You would have to be living under a rock not to at least suspect that Anderson Cooper is gay. Today, in an email printed on Andrew Sullivan’s Daily Beast blog, Cooper largely told the world what we all pretty much knew. However, I am not here to cast aspersions on Cooper for waiting so long to come out. Rather, to offer some thoughts about the why. After all, we already covered the story elsewhere. Cooper wrote and Sullivan published, in part:
But I’ve also wanted to retain some privacy for professional reasons. Since I started as a reporter in war zones 20 years ago, I’ve often found myself in some very dangerous places. For my safety and the safety of those I work with, I try to blend in as much as possible, and prefer to stick to my job of telling other people’s stories, and not my own. I have found that sometimes the less an interview subject knows about me, the better I can safely and effectively do my job as a journalist.
I’ve always believed that who a reporter votes for, what religion they are, who they love, should not be something they have to discuss publicly. As long as a journalist shows fairness and honesty in his or her work, their private life shouldn’t matter. I’ve stuck to those principles for my entire professional career, even when I’ve been directly asked “the gay question,” which happens occasionally. I did not address my sexual orientation in the memoir I wrote several years ago because it was a book focused on war, disasters, loss and survival. I didn’t set out to write about other aspects of my life.
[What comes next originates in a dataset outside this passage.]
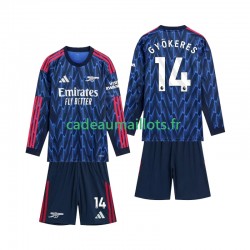 Arsenal Maillot avec flocage Gyokeres 14 Extérieur 2025-2026 ,Tenue Enfant ML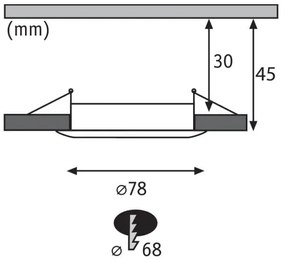 SET 3x corp de iluminat încastrat pentru baie LED/6W IP44 NOVA 230V Paulmann 94473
Sometimes coming out of the closet is not the same for everyone. Recently, celebrity Chef Anne Burrell came out after she was kind of nudged out by a fellow Food Network celeb. Anne had not actually been in the closet. It wasn’t like her friends and family did not know that she is a lesbian. Instead, she just had not come out to the world.
That is a lot of what happened with Anderson Cooper, but rather than just being because of a need for protection. Cooper has spent a lot of time in places where being American is not a very popular option for someone, and being a gay American is likely to be a huge problem.
Cooper understands that there is a fine balance needed. Certainly we need people who are open about being lesbian, gay, bisexual or transsexual because of the youth out there who face these horrible days in which they have few positive signs in their lives, but should that come at the risk of someone’s life if they are in a very risky business?
It is wonderful that Cooper has finally come out. Hopefully this will not be at the expense of his life or his safety.

JohnMichael
July 2, 2012 at 4:44 pm
Contrary to the intimation of your post I suspect that the coming out process is different for everyone since our lives and the events that bear on our lives are all unique. That being said I would like to point out that Mr. Cooper has been “out” for a long time indeed. Experience teaches us that each lgbt person comes out twice. The first time is when you look in the mirror and say to yourself “you’re gay” and you dont break out in tears. The second time is when you begin to spread the joy of yourself to your family and friends. I think he has been ‘out’ a long time.
Bridgette P. LaVictoire
July 2, 2012 at 4:46 pm
I’m kind of confused about what you just said, but I’m kind of unique since I never had any issue with being lesbian, and actually, I was trying to say just what you are saying- it’s different for each of us.